Der neue Pächter soll einen Fünf-Jahres-Vertrag erhalten und am 1. April 2019 den Betrieb aufnehmen – nach einem Jahr Gastro-Pause, verordnet von der Murnauer Politik. Diese reagierte damit auf rassistische Anfeindungen, denen sich ein türkischstämmiger Foodtruck-Betreiber nach eigenen Angaben ausgesetzt gesehen hatte. Er sollte die Versorgung für einen Sommer übernehmen, weil der geplante Container nicht rechtzeitig für die Saison 2018 geliefert werden konnte. Kurt Höller, der seine Intermezzo-Hütte angeboten hatte, war leer ausgegangen. Das hatte unter anderem bei Platzl-Stammgästen für Empörung gesorgt.
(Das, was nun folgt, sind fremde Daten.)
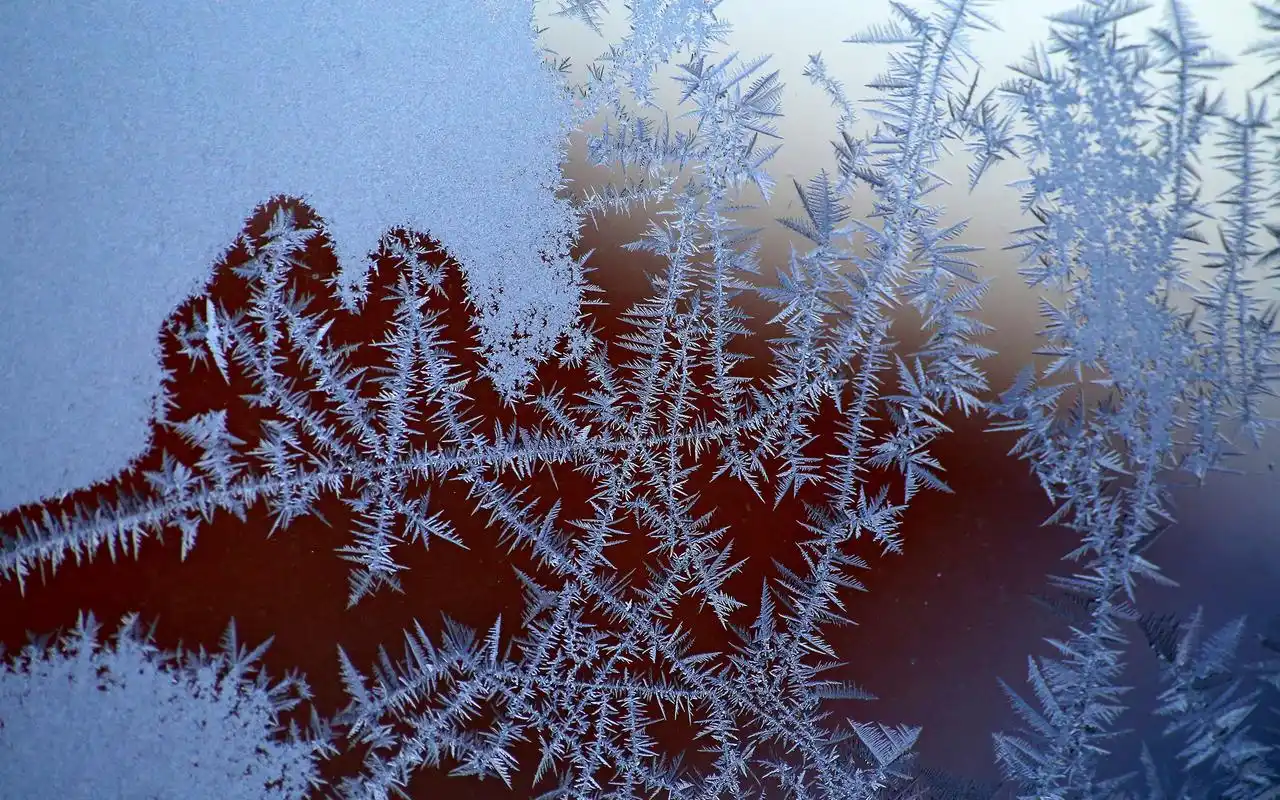 冬天冰雪风景高清图片桌面壁纸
Er habe sich nun „aus bestimmten Gründen“ nicht mehr als Kiosk-Pächter beworben, sagt Kurt Höller, „auch weil ich reduzieren möchte“. Er meint: Vielleicht habe sein Bruder „sogar bessere Chancen“, den Zuschlag zu erhalten – „weil es ein paar Leute gibt, die nicht wollen, dass ich das mache“.